Für die Figur der Franzi hatten wir zum Glück Zwillinge, Angelina und Leonie Wollenburg. Bei der Arbeit mit Kindern muss man verschiedene Dinge beachten. Das eine ist, dass Kinder im Prinzip nur sich selber spielen können. Man muss also etwas finden, das zum Klingen bringt, was in ihnen ist, und die Emotion für sie so übersetzen, dass sie in ihrem Spiel da reinkommen können. Bei den Jungs war es so, dass wir die Dialoge freigegeben haben und im spontanen Spiel entschieden haben, wie das geht. Die Situationen waren ja relativ klar. Bei den Mädchen war das schwieriger, weil aber auch die Situationen komplexer waren. Da muss man dann irgendetwas finden, damit der Text nicht zu auswendig gelernt wirkt. Ich arbeite gern mit Kindern. Wenn man genügend Zeit hat und sich gegenseitig annähern kann, klappt das sehr gut. Es ist ja immer ein Prozess, die Kinder müssen Vertrauen entwickeln, und ich finde es hilfreich, selber Kinder zu haben.
Was empfinden Sie als Ihre größte Stärke beim Inszenieren?
Meine größte Stärke ist sicherlich das psychologisch genaue Arbeiten. Ich versuche, in den Emotionen zu arbeiten, ohne sie in den Vordergrund zu stellen.
Die berührenden Momente in diesem Film, in denen es um Katrin Königs Trauma geht, behalten immer etwas Knappes, angenehm Leichtes. Wie haben Sie mit den Darstellern gearbeitet?
Wir hatten eine lange, intensive Leseprobe und haben dann mit den Hauptdarstellern noch weiter an den Dialogen gearbeitet. Es gab viel Arbeit am Buch, und es gab viel Raum. Das entspricht meinem Konzept und auch dem meines Kameramanns Peter Nix; wir geben den Schauspielern Raum. Mit Anneke Kim Sarnau hatte ich schon mal bei einem "Tatort" gearbeitet, wir kannten uns also und haben relativ schnell eine Vertrauensebene gefunden. Wir haben uns immer wieder, auch zu dritt mit Charly Hübner, hingesetzt und die Dialoge und Szenen entschlackt. Insbesondere von der Szene in der Karaoke-Bar gab es bestimmt fünf, sechs Fassungen. Wir haben immer geguckt: Was brauchen wir wirklich, um was geht es da eigentlich und wie kann man das in einer Sprödheit am besten erzählen?
Auch die Szene beim Fluchthelfer ist sehr sparsam und trotzdem eingängig erzählt.

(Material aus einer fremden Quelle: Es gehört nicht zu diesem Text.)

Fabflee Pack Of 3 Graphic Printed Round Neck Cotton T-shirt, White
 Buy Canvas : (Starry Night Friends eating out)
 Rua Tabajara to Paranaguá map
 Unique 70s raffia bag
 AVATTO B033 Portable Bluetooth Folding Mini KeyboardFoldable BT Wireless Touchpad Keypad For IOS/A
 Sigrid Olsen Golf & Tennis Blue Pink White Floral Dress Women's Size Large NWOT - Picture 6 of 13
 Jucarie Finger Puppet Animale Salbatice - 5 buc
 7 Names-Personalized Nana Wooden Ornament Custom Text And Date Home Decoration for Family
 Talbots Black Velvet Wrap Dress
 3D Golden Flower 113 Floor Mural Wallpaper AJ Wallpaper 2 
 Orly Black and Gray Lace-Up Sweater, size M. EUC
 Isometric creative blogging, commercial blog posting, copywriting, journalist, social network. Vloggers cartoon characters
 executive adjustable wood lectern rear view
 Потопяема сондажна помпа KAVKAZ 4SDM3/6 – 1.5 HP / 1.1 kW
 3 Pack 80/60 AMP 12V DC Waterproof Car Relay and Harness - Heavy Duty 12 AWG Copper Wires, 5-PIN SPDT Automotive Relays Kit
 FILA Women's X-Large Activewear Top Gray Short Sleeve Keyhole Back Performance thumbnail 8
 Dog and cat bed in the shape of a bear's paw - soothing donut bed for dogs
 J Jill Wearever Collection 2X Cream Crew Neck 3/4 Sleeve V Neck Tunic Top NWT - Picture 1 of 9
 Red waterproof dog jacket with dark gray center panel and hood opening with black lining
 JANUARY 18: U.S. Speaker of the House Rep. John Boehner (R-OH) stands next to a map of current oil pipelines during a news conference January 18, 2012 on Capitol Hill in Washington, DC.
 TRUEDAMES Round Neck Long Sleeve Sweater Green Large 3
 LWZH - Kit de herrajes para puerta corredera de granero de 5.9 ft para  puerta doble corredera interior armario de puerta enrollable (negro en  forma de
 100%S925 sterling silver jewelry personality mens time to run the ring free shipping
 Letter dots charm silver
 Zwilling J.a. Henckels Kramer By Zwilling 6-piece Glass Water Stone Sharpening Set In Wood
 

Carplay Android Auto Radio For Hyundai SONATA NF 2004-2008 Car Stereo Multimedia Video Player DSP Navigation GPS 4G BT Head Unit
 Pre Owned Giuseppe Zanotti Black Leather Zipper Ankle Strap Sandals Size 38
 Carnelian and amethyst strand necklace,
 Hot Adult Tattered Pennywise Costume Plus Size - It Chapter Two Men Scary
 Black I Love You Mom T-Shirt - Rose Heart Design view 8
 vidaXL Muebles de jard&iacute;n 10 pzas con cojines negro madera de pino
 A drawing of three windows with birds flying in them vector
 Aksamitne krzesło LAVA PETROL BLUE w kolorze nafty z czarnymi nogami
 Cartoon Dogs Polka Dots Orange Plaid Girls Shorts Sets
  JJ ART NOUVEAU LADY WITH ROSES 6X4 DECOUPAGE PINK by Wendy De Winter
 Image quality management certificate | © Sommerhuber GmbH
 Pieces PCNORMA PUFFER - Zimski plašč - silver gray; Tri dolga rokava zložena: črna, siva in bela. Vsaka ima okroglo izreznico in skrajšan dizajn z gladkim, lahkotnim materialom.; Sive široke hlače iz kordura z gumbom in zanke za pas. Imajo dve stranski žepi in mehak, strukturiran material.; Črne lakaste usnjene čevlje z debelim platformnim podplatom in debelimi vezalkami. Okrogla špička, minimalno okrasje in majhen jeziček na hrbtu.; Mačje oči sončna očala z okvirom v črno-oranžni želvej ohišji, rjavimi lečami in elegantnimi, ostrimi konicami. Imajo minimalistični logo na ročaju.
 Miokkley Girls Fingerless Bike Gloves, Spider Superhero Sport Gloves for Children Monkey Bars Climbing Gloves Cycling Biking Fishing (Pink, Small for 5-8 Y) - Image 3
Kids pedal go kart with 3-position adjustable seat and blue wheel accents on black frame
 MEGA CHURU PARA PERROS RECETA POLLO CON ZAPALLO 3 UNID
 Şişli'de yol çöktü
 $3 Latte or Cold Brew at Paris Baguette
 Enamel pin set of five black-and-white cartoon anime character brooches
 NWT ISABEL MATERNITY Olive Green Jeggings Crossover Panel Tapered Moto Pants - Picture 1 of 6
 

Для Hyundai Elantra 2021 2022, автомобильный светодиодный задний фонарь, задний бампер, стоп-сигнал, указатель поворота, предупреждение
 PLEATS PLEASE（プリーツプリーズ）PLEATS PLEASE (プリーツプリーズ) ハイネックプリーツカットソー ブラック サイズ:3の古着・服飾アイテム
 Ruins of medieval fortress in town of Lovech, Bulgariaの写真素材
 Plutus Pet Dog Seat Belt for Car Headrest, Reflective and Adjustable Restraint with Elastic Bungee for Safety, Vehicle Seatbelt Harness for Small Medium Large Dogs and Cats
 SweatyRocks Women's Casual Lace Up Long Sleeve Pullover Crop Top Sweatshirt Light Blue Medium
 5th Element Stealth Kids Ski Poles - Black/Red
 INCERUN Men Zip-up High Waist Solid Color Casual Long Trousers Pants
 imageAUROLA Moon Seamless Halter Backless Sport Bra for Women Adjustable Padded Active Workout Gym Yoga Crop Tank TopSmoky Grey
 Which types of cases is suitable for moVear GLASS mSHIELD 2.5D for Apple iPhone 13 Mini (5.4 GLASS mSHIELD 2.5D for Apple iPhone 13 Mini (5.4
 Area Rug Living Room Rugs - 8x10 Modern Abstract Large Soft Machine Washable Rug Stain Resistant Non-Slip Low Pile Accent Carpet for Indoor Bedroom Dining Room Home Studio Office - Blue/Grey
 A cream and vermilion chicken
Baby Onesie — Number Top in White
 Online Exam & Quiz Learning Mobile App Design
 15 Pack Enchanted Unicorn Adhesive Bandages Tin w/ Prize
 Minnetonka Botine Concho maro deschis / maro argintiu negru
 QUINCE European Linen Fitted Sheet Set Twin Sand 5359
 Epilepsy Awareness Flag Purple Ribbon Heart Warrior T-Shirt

Wie so oft war auch hier weniger einfach mehr. Ich wollte, dass diese Szene fast etwas von Kafka und Beckett hat, etwas beinahe Absurdes, Abstraktes. Peter Maertens ist ein toller Schauspieler, der in Hamburg auch auf der Bühne steht. Es ist ein Geschenk, den zu haben, weil er das einfach so hergestellt hat. Mir war es wichtig, dass hier keine langweilige Faktenvermittlung stattfindet, sondern dass das immer Erinnerungsfetzen bleiben. Hannes Stein schwimmt selbst in einem Meer von halb vergessen, halb wissen; er tastet und stochert in seiner Erinnerung. Gespiegelt wird das Ganze durch die Ausstattung: Der Raum ist seltsam undefinierbar, und dadurch, dass er so in der Schwebe bleibt, bekommt er fast etwas Surreales. In Wirklichkeit war es der Nebenraum einer Kneipe.